I have discovered a problem with underestimating heterozygous sites in my samples.
I have small (~280bp) amplicon sequences that were run on a MiSeq platform on a 250x250 PE run, and demultiplexed by barcodes. The amplicons were isolated with PCR and the barcodes and adaptors were attached with subsequent PCR cycles. I've filtered out reads using the FastQ Toolkit, and created aligned bam files using BWA.
(Note: I have marked duplicates, but since my amplicons were sequenced in full and my aligned PE reads cover the whole amplicon, I don't think I want to exclude duplicates and over amplify PCR errors relative to actual SNPs. I have read both suggestions with respect to including and excluding duplicates and if anyone thinks that excluding them would solve the following problem, any explanation would be greatly appreciated.)
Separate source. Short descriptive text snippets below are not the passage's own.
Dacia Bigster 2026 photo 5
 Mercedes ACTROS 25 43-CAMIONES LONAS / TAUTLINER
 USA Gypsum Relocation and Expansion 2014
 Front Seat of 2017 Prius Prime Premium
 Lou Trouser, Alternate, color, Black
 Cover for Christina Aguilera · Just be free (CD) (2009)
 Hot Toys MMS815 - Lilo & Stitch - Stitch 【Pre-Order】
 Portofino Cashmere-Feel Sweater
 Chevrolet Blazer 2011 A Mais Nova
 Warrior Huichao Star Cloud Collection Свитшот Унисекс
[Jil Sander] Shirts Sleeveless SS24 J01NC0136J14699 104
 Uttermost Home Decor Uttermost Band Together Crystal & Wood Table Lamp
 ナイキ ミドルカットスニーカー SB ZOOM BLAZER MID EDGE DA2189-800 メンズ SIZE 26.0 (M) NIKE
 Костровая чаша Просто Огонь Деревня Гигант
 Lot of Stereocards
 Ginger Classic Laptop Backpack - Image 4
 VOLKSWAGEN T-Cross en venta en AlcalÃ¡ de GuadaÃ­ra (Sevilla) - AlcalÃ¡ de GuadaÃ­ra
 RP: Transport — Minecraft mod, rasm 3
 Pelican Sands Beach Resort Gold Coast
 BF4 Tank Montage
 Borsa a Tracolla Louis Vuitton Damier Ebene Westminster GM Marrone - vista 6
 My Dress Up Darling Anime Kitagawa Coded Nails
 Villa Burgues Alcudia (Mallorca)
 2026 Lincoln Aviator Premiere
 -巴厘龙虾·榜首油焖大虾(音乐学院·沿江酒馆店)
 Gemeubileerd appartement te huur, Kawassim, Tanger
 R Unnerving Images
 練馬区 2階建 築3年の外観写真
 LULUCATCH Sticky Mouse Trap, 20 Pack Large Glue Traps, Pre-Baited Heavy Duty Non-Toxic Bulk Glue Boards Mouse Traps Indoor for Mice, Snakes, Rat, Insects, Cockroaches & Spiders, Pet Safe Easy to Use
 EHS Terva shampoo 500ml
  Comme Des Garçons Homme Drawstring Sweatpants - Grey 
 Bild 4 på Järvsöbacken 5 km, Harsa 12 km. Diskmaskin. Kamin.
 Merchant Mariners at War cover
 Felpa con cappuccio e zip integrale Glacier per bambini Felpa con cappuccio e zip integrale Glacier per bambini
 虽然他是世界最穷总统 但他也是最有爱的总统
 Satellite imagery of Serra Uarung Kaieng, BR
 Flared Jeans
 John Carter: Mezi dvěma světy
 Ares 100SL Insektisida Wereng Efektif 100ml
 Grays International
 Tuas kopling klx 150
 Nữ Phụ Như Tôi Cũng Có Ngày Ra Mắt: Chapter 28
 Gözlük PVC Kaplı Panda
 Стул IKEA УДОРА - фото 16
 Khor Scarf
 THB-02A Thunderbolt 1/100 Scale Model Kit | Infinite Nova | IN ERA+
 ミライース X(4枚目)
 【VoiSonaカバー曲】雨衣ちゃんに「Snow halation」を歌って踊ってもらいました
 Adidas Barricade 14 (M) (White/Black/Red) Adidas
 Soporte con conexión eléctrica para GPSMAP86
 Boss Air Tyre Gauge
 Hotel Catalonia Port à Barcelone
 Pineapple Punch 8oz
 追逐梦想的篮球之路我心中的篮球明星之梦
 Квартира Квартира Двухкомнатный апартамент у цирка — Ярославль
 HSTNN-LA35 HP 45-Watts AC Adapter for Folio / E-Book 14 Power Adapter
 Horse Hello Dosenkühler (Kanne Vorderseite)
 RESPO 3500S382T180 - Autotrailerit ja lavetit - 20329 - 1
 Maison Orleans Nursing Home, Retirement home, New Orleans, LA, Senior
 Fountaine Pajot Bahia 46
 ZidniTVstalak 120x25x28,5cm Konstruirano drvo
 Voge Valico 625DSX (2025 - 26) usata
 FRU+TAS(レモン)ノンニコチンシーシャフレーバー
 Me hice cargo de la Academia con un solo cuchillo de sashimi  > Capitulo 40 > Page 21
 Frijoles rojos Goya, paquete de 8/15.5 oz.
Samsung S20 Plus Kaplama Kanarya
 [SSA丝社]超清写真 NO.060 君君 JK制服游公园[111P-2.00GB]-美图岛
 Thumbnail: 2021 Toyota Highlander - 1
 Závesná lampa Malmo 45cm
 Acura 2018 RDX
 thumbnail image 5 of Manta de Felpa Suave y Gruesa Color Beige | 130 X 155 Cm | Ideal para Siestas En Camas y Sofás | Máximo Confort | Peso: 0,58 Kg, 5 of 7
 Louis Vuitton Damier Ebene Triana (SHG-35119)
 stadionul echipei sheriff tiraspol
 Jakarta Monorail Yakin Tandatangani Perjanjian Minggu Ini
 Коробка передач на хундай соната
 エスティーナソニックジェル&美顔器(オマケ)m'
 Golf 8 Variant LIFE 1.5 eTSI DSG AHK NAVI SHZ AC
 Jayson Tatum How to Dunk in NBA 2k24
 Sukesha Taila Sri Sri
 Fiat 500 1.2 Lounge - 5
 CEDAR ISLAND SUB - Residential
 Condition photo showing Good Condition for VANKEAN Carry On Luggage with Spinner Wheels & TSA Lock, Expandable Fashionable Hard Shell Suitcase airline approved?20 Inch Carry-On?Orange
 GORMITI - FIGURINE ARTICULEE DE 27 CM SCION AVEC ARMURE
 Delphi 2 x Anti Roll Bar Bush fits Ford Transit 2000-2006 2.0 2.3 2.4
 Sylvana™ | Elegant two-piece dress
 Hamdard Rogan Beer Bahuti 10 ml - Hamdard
I am using the bam files from BWA to run FreeBayes in the Main public galaxy and call variants into vcf files. As suggested in a number of other sources, heterozygotes are being called when an alternate allele appears in 20%-80% of the reads. I am using these filters on top of filtering at Q20 and additional read map filtering. For the most part the resulting vcf files look great.
I ran a couple samples in replicates and in at least one instance, one replicate called 4 heterozygous sites where the other replicate didn't identify any heterozygous sites. When I look at the bam file in igv, I can see that the alternate alleles present in one replicate are also present in the second, but only in 4% of the reads - therefore not meeting the 20% threshold required to be called an alternate allele. This is consistent between all four sites in question.
I ran negative controls in all of the PCR stages, so I don't think I have any contamination and the only explanations I can conger up are: 1) that there was uneven amplification of one of my haplotype strands during the initial PCR or 2) that there was uneven binding of haplotypes to the flow cell
Has anyone encountered this problem before and have any suggestions as to how I can avoid underestimating the levels of heterozygozity in my samples?